I trailer e i promo propongono dei percorsi,
delle pre-visioni sul film (o il programma) che verrà.
Nel nostro saggio partiamo da una sintetica storia della forma trailer
(il "prossimamente") per indagare alcuni trailer cinematografici
proposti nelle sale italiane - o all'interno di specifici programmi
televisivi - degli anni più recenti.
Il corpus della ricerca comprende centocinquanta trailer passati
negli schermi italiani, sia cinematografici che televisivi, negli
anni 1996-2001, e in maggioranza raccolti in VHS o CdRom come allegati
ai numeri di Ciak usciti nel mese di settembre degli anni 1996-2000;
inoltre i promo (di film, fiction, sport e produzioni interne) della
stagione invernale 1996-1997 delle reti Mediaset.

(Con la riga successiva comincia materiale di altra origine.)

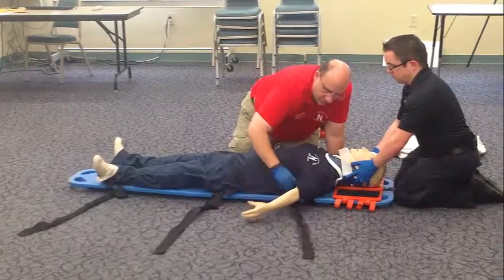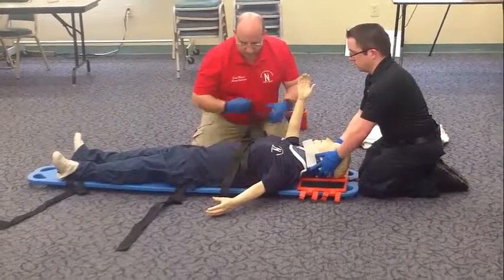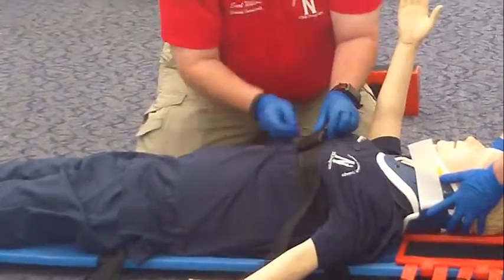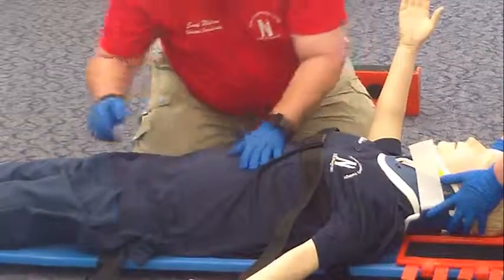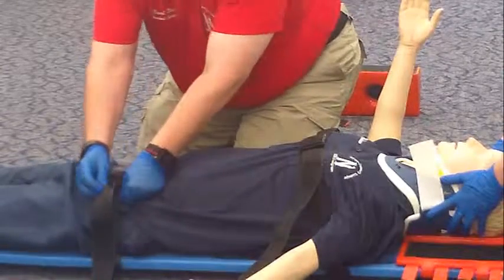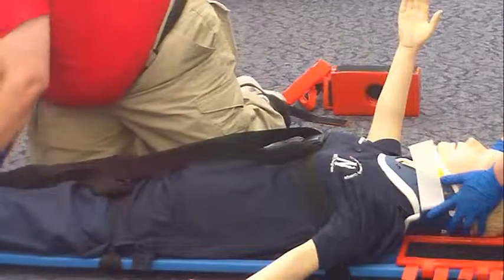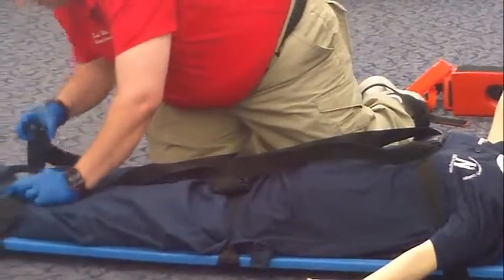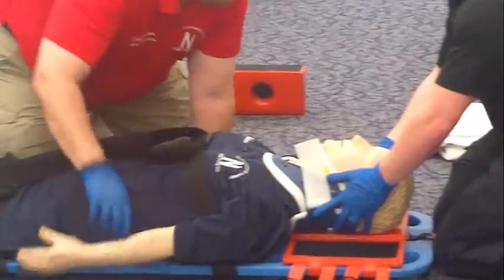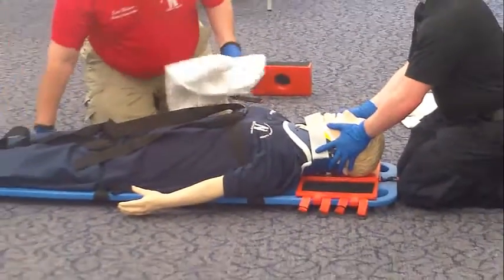I will now secure the patient to the spine board using the straps, starting with the chest. I will take any padding and pad any voids that I might discover between the patient's back or under the knees. I do not see any.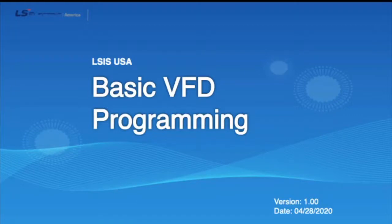Hi everyone, let's get started. After the presentation, we're going to have some time for questions, so please hold back on questions until the end. My name is John, one of the tech engineers here at LS Electric.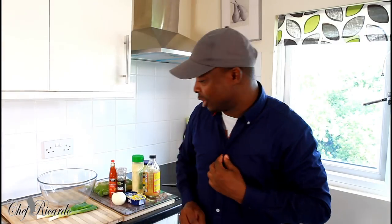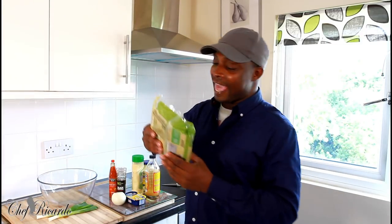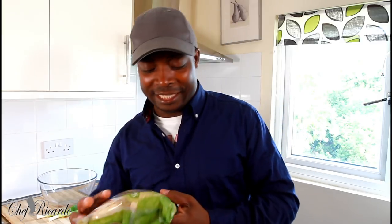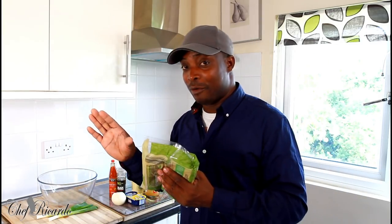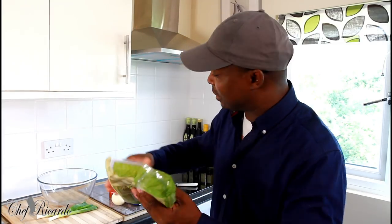Welcome back in the kitchen again with Chef Ricardo cooking show! It's amazing to be in the kitchen, giving you some lovely recipes and ideas. Every day I keep making different kinds of food and dishes, and as the days go by we're learning more and more ideas. I made a sandwich about two days ago and it's one of the most lovely sandwiches I've had in a long time.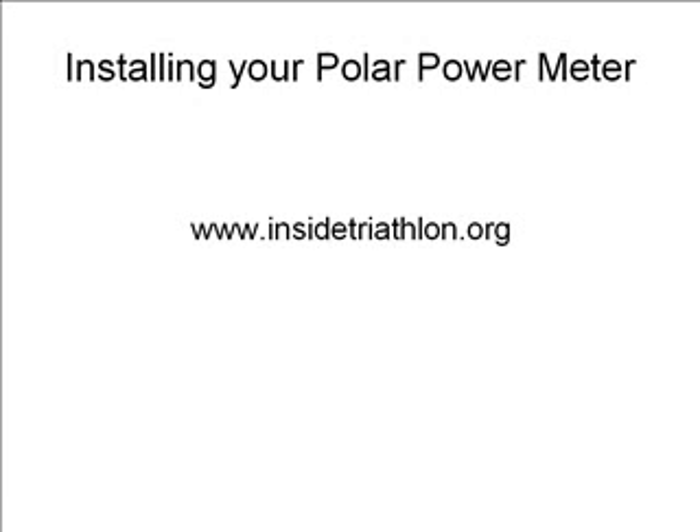Welcome to installing your Polar Power Meter. This short video is intended to show you how to install your Polar Power Meter for the Polar S Series.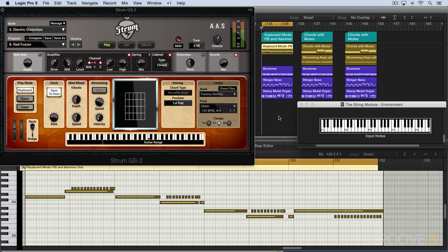In Strum GS2, we get that by playing legato notes that overlap each other, and that also is effective with grace notes when they overlap each other.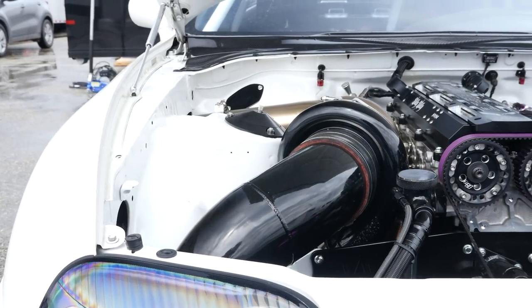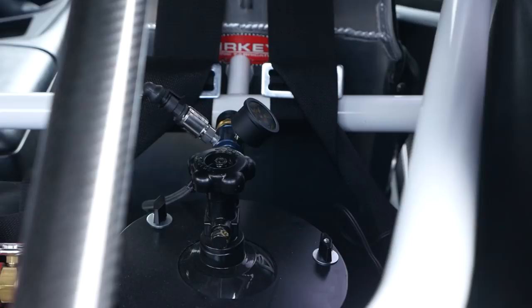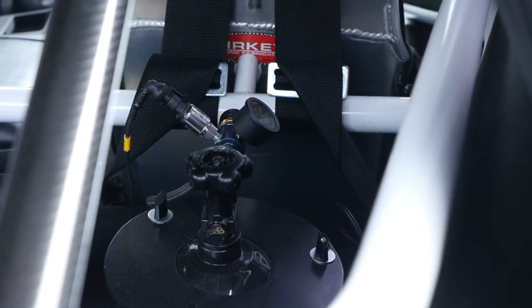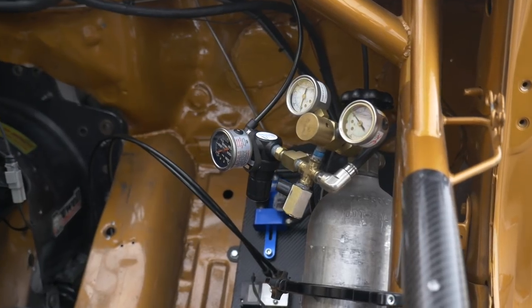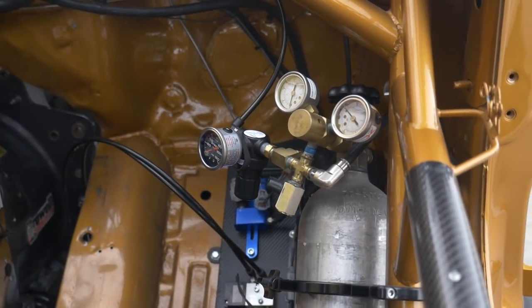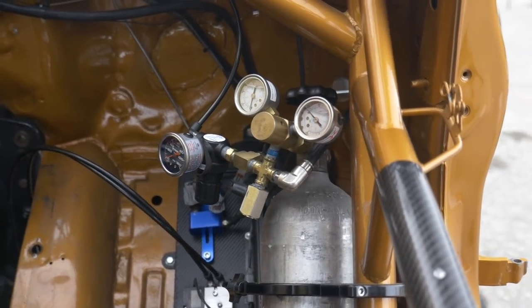Accurate and stable boost control is essential to the reliability and performance of any turbocharged vehicle, but nowhere is that more critical than in drag racing, where we see engines making more power and running much higher boost levels.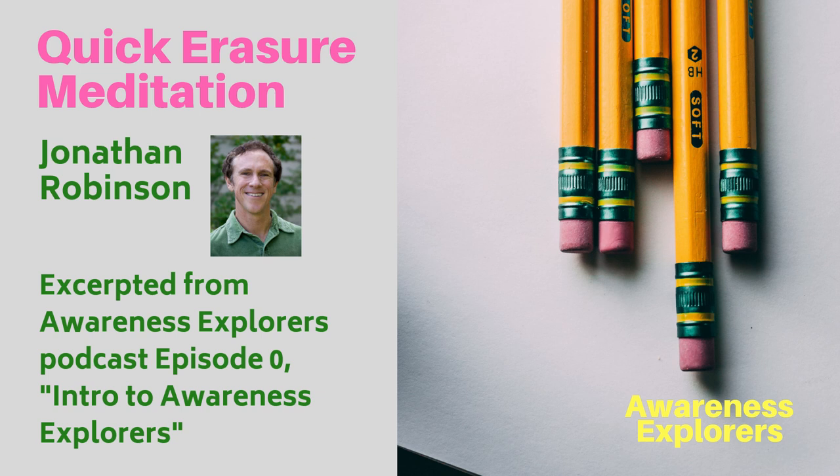What's left is your awareness, because that's always in the background, allowing you to register all your experiences. If you hear thoughts now, the part of you that hears them is your awareness. If you feel any sensations, the part of you registering that is your awareness. Even if thoughts and sensations are gone, your awareness is what's left. Be that awareness as best you can. Feel the peace of it, the spaciousness of it, the expansion of it.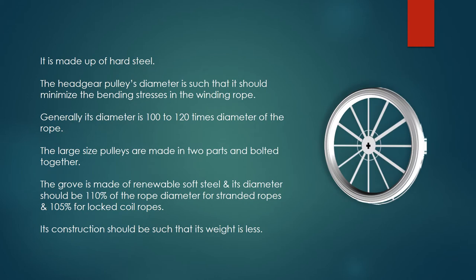Headgear Pulley. It is made up of hard steel. The headgear pulley's diameter is such that it should minimize the bending stresses in the winding rope. Generally, its diameter is 100 to 120 times the diameter of the rope.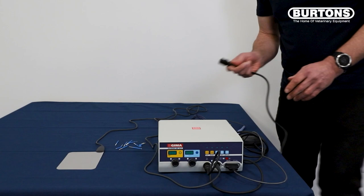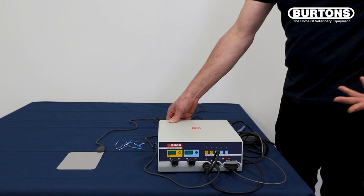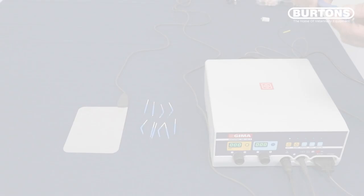We then have to connect the power supply to the back of the machine and switch it on at the back also. It will go through a few self-checks before you can use it. It passes all the tests, and then you're ready to go.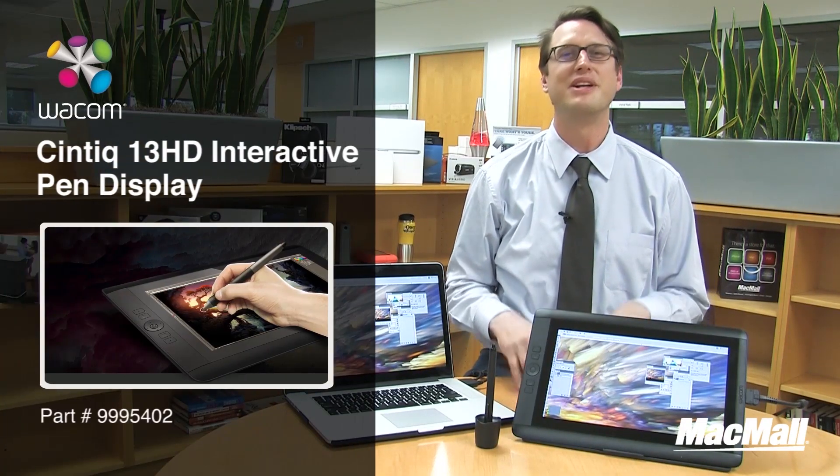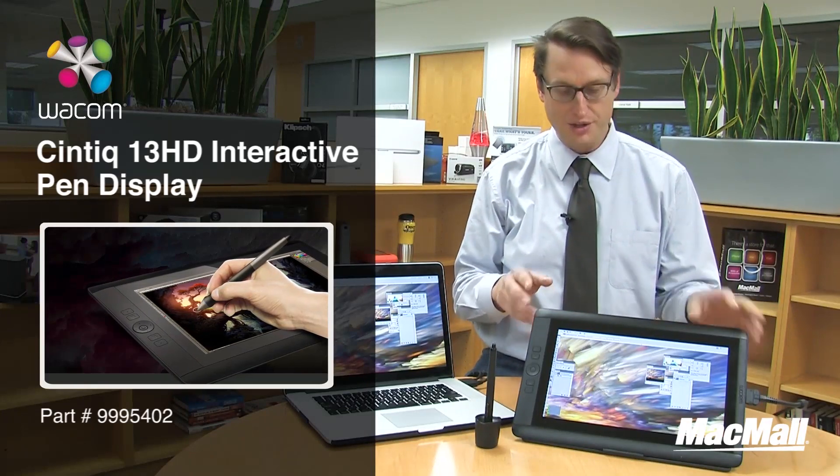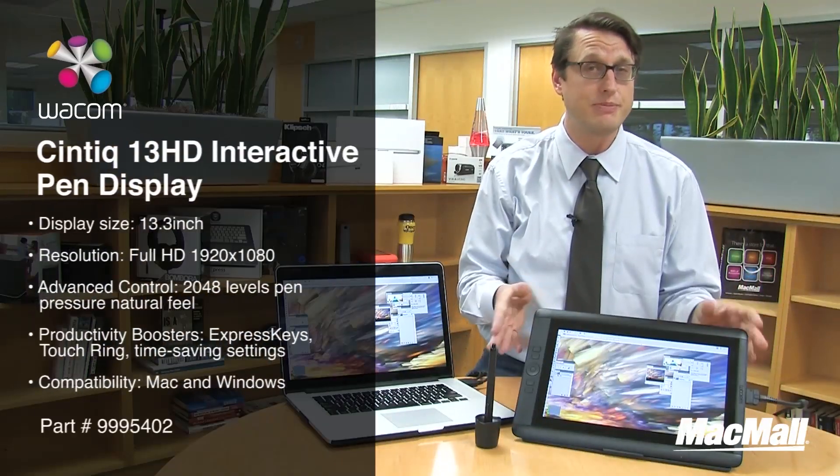Hi everyone, my name is Chris and today we're going to talk about the Wacom Cintiq 13 HD graphics tablet, also called a digitizer. It works both in right and left hand, and it's very small — only 15 inches by 10 inches.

Abbiamo scelto dal nostro campione perlo più esempi riguardanti
commedie "impegnate" e film d'azione, in particolare i
trailer di Trainspotting (di Danny Boyle, Gb 1996), Mission
Impossible (di Brian De Palma, USA 1996) e Mission Impossible
2 (di John Woo, USA 2000), Il ciclone (di Leonardo Pieraccioni,
Italia 1996), e il promo di Mai dire mai (Never say never
again, di Irvin Kershner, Gb 1983) andato in onda su Rete 4 nell'inverno
1996.
Abbiamo cercato di dimostrare come il trailer reinneschi le serie
di concatenamenti tra strati testuali del film che presenta e promuove,
e si costruisca sempre su una coerente scelta isotopica di fondo.
È questa che lega tra loro e orienta discorsivamente tutte
le sequenze, fino al momento in cui di solito appare il titolo vero
e proprio, alla fine, soddisfacendo così l'attesa aperta,
spesso sospesa fino a quel momento. Il trailer deve cercare di differenziarsi
dagli altri trailer, nonché cercare di "colpire"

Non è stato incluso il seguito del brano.